# INPUT
%%
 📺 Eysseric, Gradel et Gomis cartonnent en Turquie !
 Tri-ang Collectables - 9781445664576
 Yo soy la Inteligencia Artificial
%%
%%
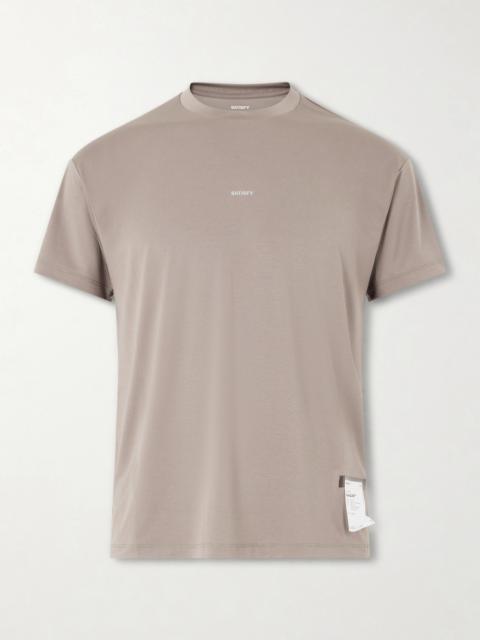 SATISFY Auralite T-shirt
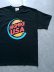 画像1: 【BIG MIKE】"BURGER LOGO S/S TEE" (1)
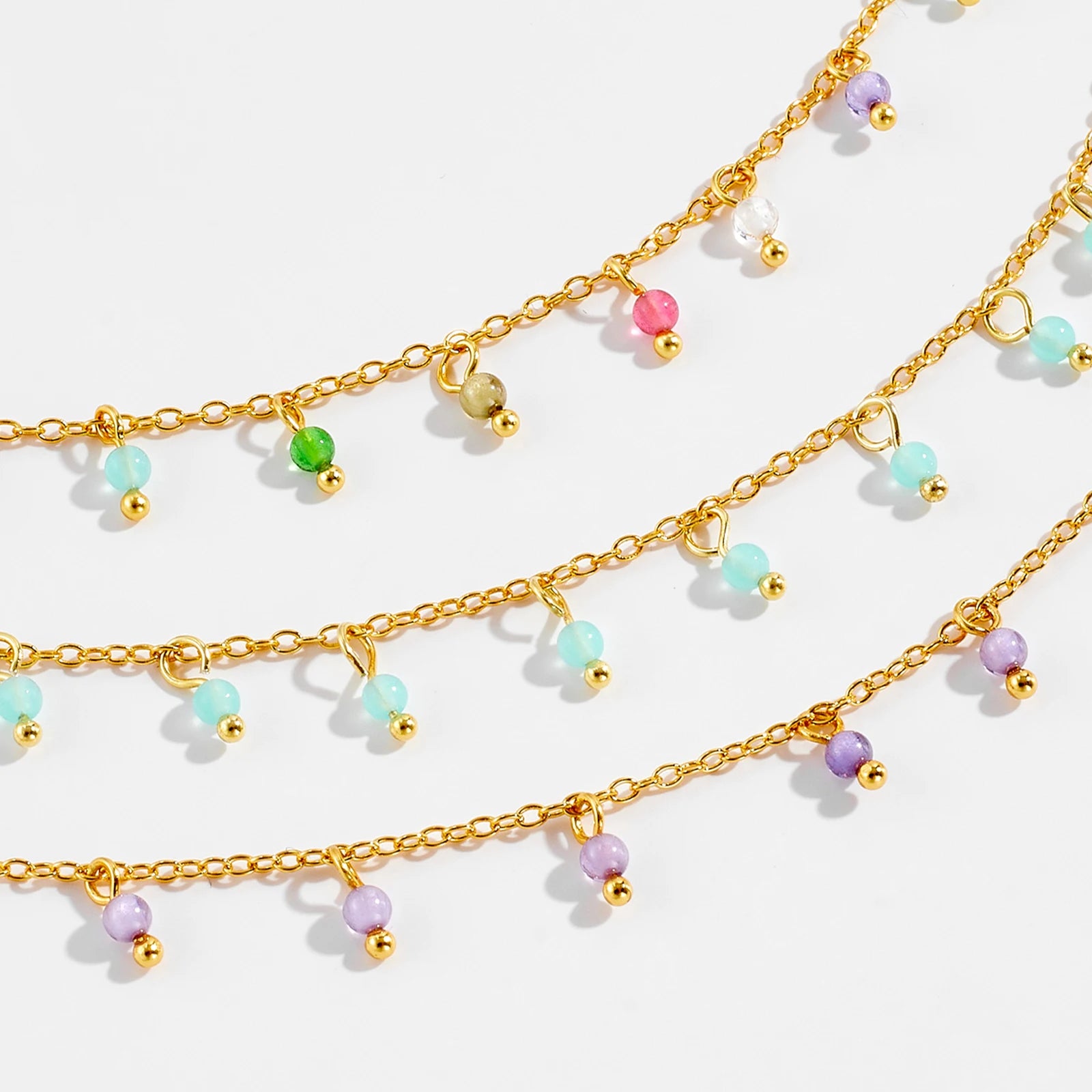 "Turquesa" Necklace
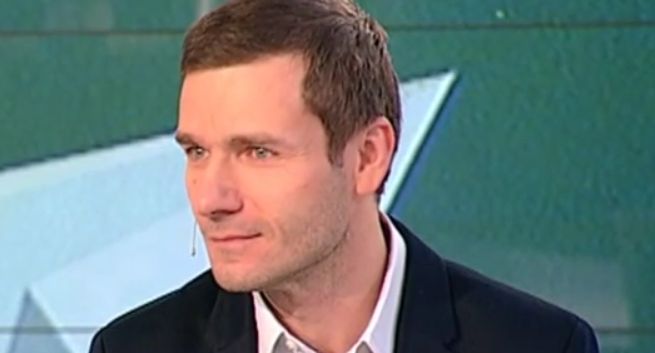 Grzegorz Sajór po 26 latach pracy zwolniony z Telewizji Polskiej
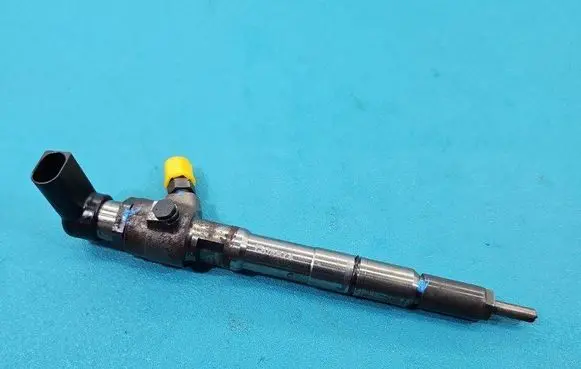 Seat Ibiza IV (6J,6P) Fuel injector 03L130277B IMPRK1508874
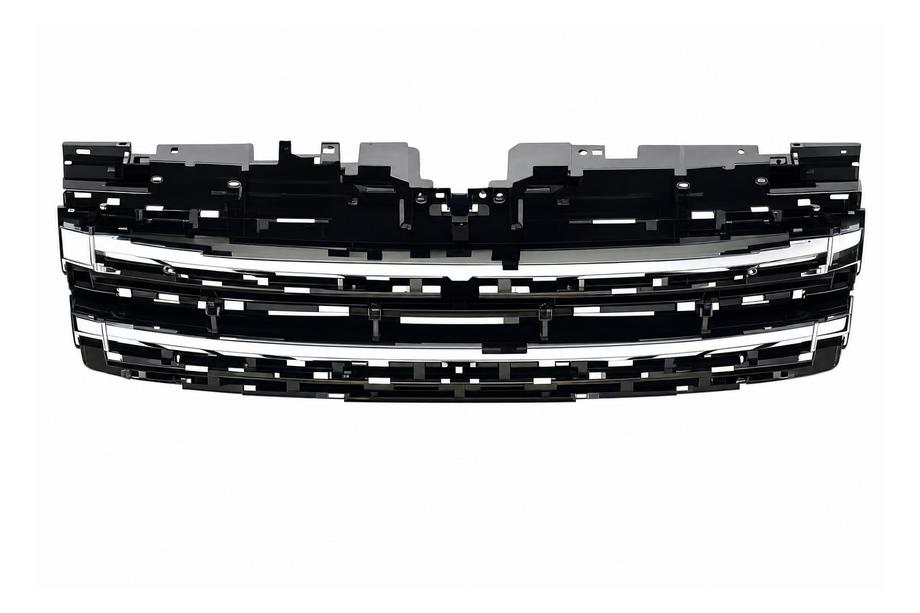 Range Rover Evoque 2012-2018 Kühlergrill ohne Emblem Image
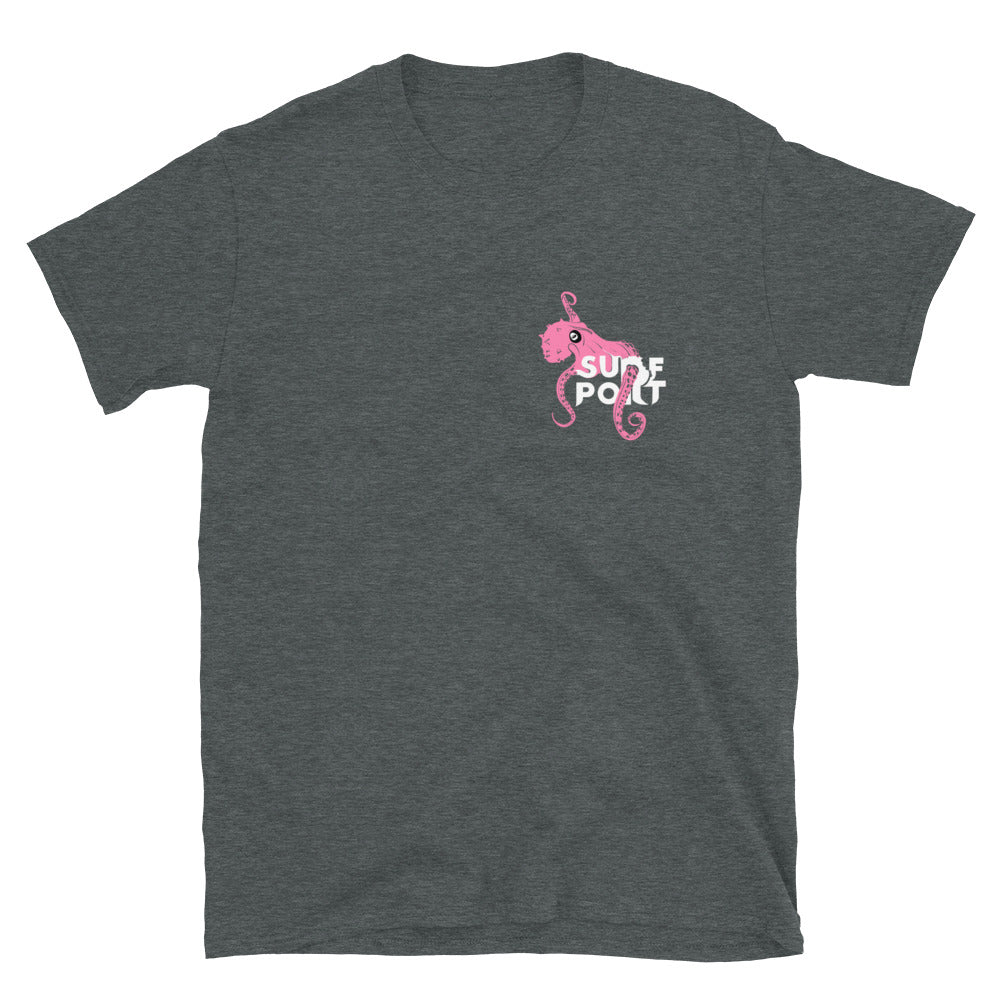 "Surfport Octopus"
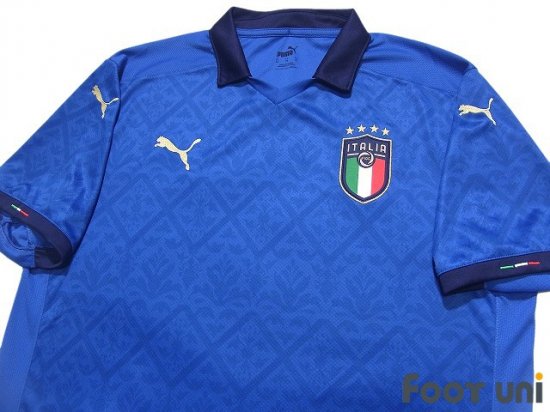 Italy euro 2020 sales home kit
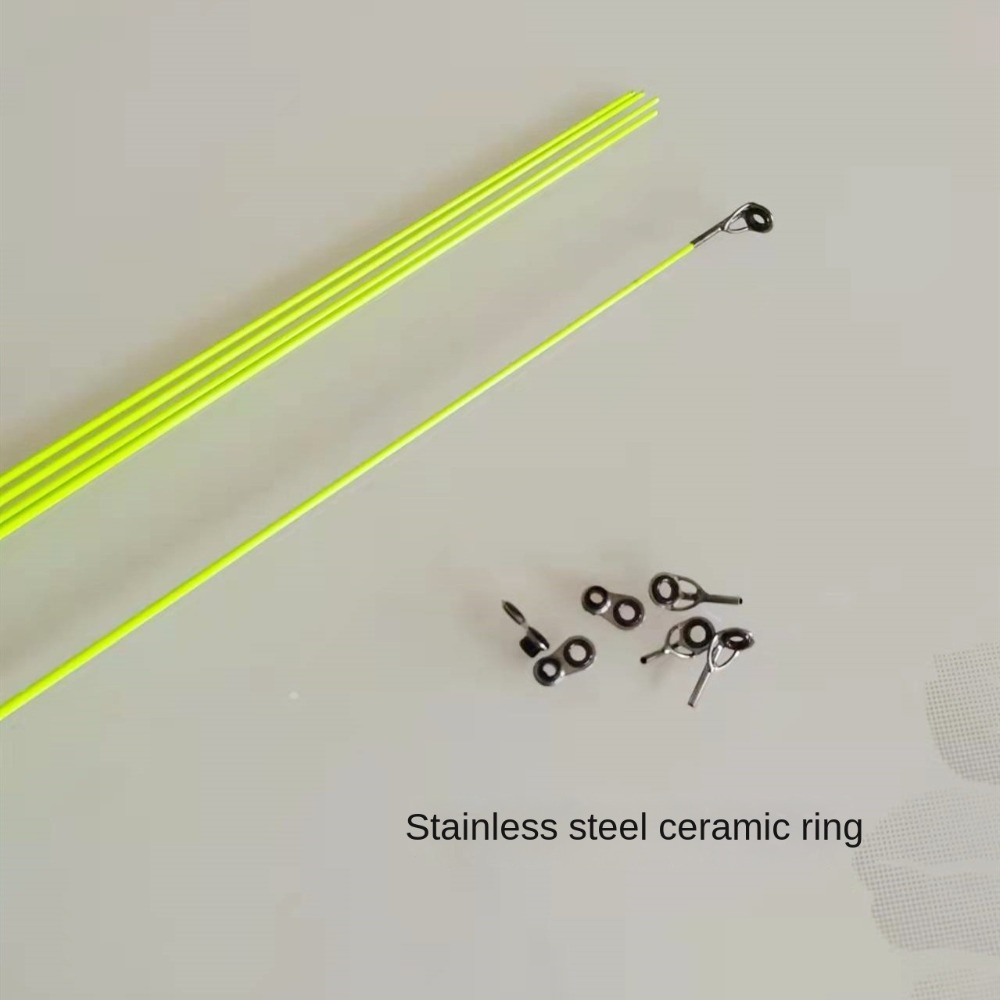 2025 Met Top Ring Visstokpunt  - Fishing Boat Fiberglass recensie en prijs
%%
# TASK DESCRIPTION
All lines above from the one containing "Range Rover Evoque" up to and including the one containing "2025 Met Top" are to be set down exactly, and nothing else. Leave images out.

# REPLY
 Range Rover Evoque 2012-2018 Kühlergrill ohne Emblem Image
 "Surfport Octopus"
 Italy euro 2020 sales home kit
 2025 Met Top Ring Visstokpunt  - Fishing Boat Fiberglass recensie en prijs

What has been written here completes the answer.